Today, I just squeezed on to a packed train to London.  I was crushed kneecap to kneecap with a bunch of other people… in the middle of a heatwave.  We eyeballed each other.  Either we could get tense and irritable…
 …or we could chat.
Luckily, three massive suitcases  on the floor created a slight clearing.  It turned out that two of them belonged to a family on their way to Istanbul and fellow passengers suggested they visit the Spice Market, the Blue Mosque.
But that still left one enormous suitcase unaccounted for.  A woman my age had her hand on it.
“Going somewhere nice?”
“Actually, there’s nothing in this suitcase,” she replied, “It’s empty.” 
People were listening now.
“My daughter has split up with her boyfriend.  I’m going to his flat to pick up her stuff.   Then I’m going to bring this case back on the train again, full.”
“In this heat?”
“What a horrible job.”
“Your daughter is lucky to have you.”

“These things happen,” she said.

When her stop came up, we all wished her good luck and watched her small figure trundling her suitcase resolutely up the platform.

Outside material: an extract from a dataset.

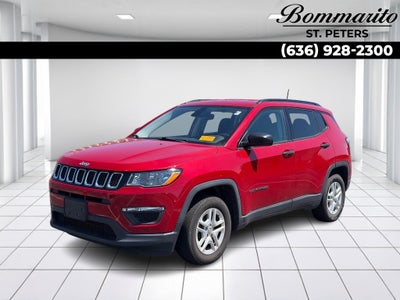 2018 Jeep Compass Sport FWD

I sometimes grumble about driving for two or three hours each way to shift the goods and chattels of one or other child at university.  I’m going to try to grumble less.

Thursday, 17 July 2014

Bag of Poo

Not the best photo, but then the butterfly was up a tree.
On Saturday afternoon, some of our friends were at weddings, others sitting in their in their summer gardens. But Nigel, Carenza and I were traipsing round a nearby wood, carrying a bag of poo.  Or rather I was.   Carrying, that is.  And before you ask, it was horse poo. 
We were on a butterfly safari.  Why the poo?  Because, although we appreciate all butterflies, we were after big game – the purple emperor.  And the purple emperor lives in the treetops, only dropping to earth for especially tasty morsels like carrion or poo. 
We walked to a bench in the wood, laid out an enticing sample and waited.  We saw a red admiral, ringlets, meadow browns, hedge browns.  And a man, lurking in the bushes.  
After a while, we strolled on and laid out another poo picnic.  This time, we saw a small tortoiseshell, a green fritillary, two different kinds of skipper and a marbled white.  And that man, lurking in the bushes again.  Like me, he had binoculars round his neck.
“Are you, um, looking for wildlife?”
“Yes.  I’m here for white admirals, but I haven’t seen any yet.”
So there were white admirals about were there?   Not quite as magnificent as the purple emperor, but still a fabulous creature.
After an hour, all the poo was gone.  
In a slightly rubbish way, we decided to give up and go home. 
And there, above our heads, perched halfway up a hornbeam, was a white admiral.  For some time we watched it chasing other butterflies out of its territory, then settling again, on guard.  This spirited, rare butterfly was very nearly what we had come for. 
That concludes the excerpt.